On connait la suite avec une chute violente de l’activité et une explosion des déficits publics – aggravés par les sauvetages bancaires par les Etats – qui nous amèneront à la crise des dettes souveraines d’Europe du sud en 2011-2012. Aujourd’hui, la mobilité du capital ne circule toujours pas au sein de la zone euro comme le montre la balance des soldes des banques centrales nationales de la zone euro à la BCE – système TARGET .
Les dangers d’une sortie unilatérale de la zone euro
Le problème, c’est que cette zone euro qui fonctionne mal existe toujours, car une sortie unilatérale d’un pays de la zone euro serait un désastre pour le pays en question et provoquerait une crise systémique. Imaginons l’Italie sortant de la zone euro. On peut dès lors anticiper une nouvelle Lire italienne baissant de 20 à 30% vis-à-vis de l’euro, ce qui conduira l’Etat à faire défaut sur sa dette libellée en euro détenue par des investisseurs non italiens, et entraînera un véritable un choc systémique pour les banques de la zone fortement détentrice de titres d’état italiens.

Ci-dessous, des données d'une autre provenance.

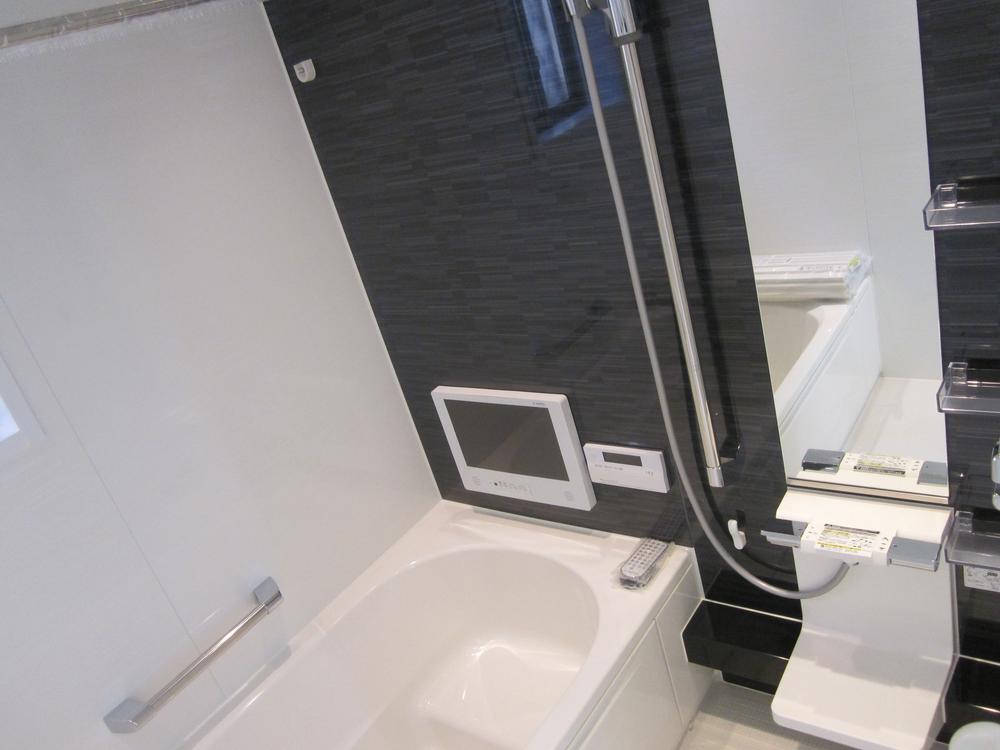 Bathroom. ● Bathrooms: 2013 November shooting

À l’autre extrémité, imaginons l’Allemagne sortant de la zone euro. On peut, dans ce scénario, anticiper sans mal un nouveau mark allemand s’appréciant de 20 à 30% vis-à-vis de l’euro, ce qui conduira à des pertes colossales sur les actifs libellés en euros détenus par les banques et investisseurs institutionnels allemands.

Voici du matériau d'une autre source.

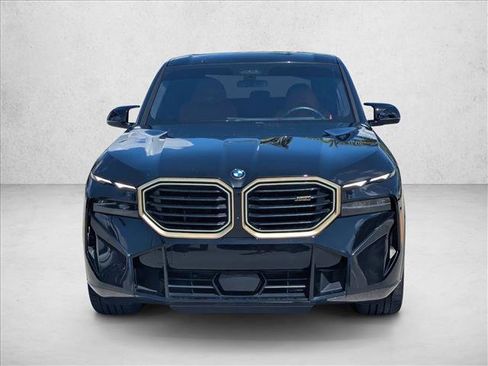 Used 2023 BMW XM AWD/4WD image 2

Rien à voir avec les fantasmes sur le Brexit
Effectivement, on ne doit pas confondre sortie de l’Union européenne et sortie de l’euro. Dans le cas de la Grande-Bretagne, il existait déjà une monnaie nationale, et quand bien même la chute du sterling a été sévère, le financement du déficit extérieur britannique par les non-résidents ne semble pas, pour l’heure, poser de problèmes insurmontables.
Alors est-ce à dire que quelque chose qui ne fonctionne pas existera toujours ? Bien entendu non, car des pouvoirs politiques, ici ou là, peuvent mettre un terme à l' »aventure » de l’euro ou, à tout le moins le déstabiliser fortement. Spéculer sur le fait qu’une sortie serait tellement catastrophique qu’aucun pouvoir politique n’oserait l’envisager serait particulièrement dangereux. Spéculer également sur le fait que la présence de BCE en tant qu’acheteur en dernier ressort de dettes publiques de pays de la zone euro (QE, OMT…) empêchera toute implosion de la zone euro est également très dangereux.

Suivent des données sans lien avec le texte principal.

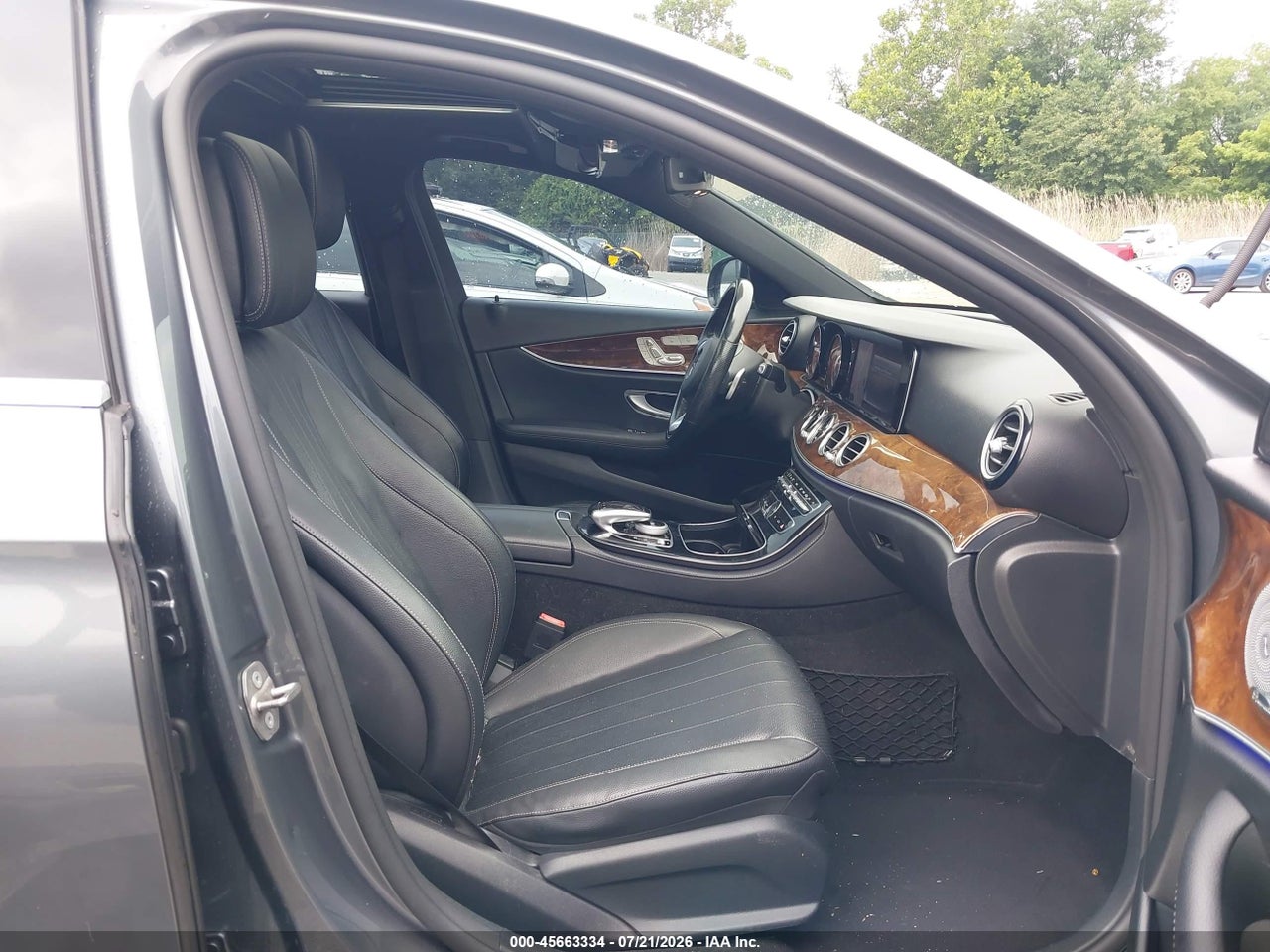 2017 MERCEDES-BENZ E 300 4MATIC · 5/11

En tout cas pour l’heure, c’est l’Italie qui risque d’occuper le devant de la scène des marchés financiers. En cas de victoire du « non » au référendum sur la réforme du Sénat , fin novembre en Italie, il faudrait envisager une longue période de blocages politiques avec une démission de Matteo Renzi suivie d’élections anticipées. Nous rentrerions dans une période de fortes incertitudes surtout si les partis populistes « anti-euro » sont en bonne position dans les sondages et agitent le spectre d’un référendum sur la sortie de l’euro.